The term “sundown town” once applied to thousands of places throughout the U.S. where African-Americans weren’t welcome to live — or even to stay overnight. The fact that Goshen, Ind., was one of them reminds us that racism is a sin Mennonites bear.
Dan Shenk’s article in this issue on Goshen’s history as a sundown town raises awareness of racial discrimination in the not-so-distant past. It challenges us to build racially inclusive communities today.
Goshen might have been the sundown town with the largest number of Mennonites, but it was hardly unique. The racial mood in Goshen in the 1950s was similar to that of Harrisonburg, Va., says retired Goshen College professor C. Norman Kraus, as quoted by Shenk. Newton, Kan., was a segregated town. The point is not to disparage a particular community but to present an example that Shenk has researched and knows personally.
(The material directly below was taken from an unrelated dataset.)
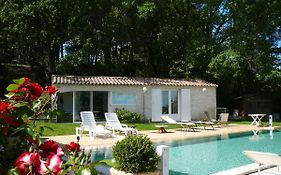 Un Lit En Provence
As we observe the Martin Luther King Jr. holiday, Shenk’s article adds to our understanding of Mennonites in the civil rights era. In the 1950s and ’60s, Mennonites’ views of King were mixed. Shenk quotes Kraus as saying that many northern Indiana Mennonites thought King was a communist and that those who sympathized with him were suspect too. Yet others were drawn to his nonviolent methods of confronting racist oppression. In his speeches and writings, King talked about putting love into practice in ways that fit Mennonite activists’ understanding of pacifism.
“Agape [love] is not a weak, passive love,” King wrote in 1958. “It is love in action… . Agape is a willingness to sacrifice… . It is a willingness to forgive, not seven times but 70 times seven, to restore community.”
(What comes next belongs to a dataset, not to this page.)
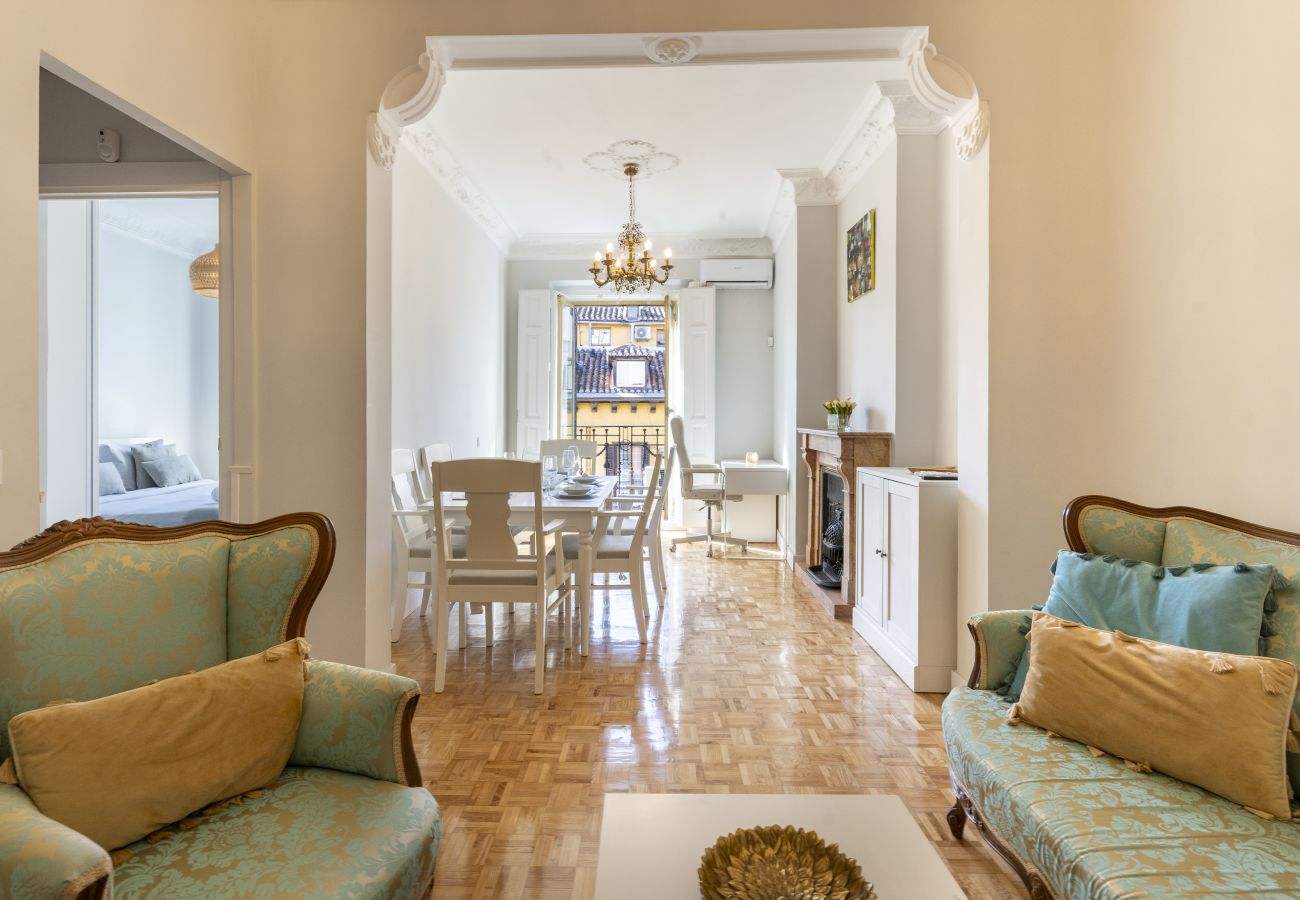 Apartment in Madrid - Cosy flat with balconies in the centre of Madrid, a few steps from the Plaza Mayor.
Some Mennonites were civil rights trailblazers. In Newton, James Rutschman and J. Winfield Fretz, owners of the Guest House Restaurant, broke segregation customs and served African-Americans. Members of Bethel College Mennonite Church helped integrate the Newton swimming pool. In Goshen, Eighth Street Mennonite Church took leadership in race relations with cross-cultural events and discussions about racial issues. In 1961 Mennonite Central Committee began a Voluntary Service unit in Atlanta to work for racial justice.
But many pacifists passively accepted racial discrimination. Vincent Harding, an African-American Mennonite who led the Atlanta VS unit with his wife, Rosemarie, warned in 1959 that Mennonites were tempted to make nonresistance “synonymous with sitting on our hands and closing our eyes and turning our backs on injustice.” A 1955 Mennonite Church statement confessed: “Often we have been silent when others showed race prejudice and practiced discrimination.” Today each of us can ask whether we should make the same confession.
North American Mennonite denominations today are blessed with a growing number of vibrant racial-ethnic congregations. Bolstered by an influx of immigrants, racial diversity brightens a scene otherwise marked by membership decline. We walk a sometimes rocky path to justice and equality together. There are many miles yet to go. Knowing the dark places we have come from helps us seek the light ahead.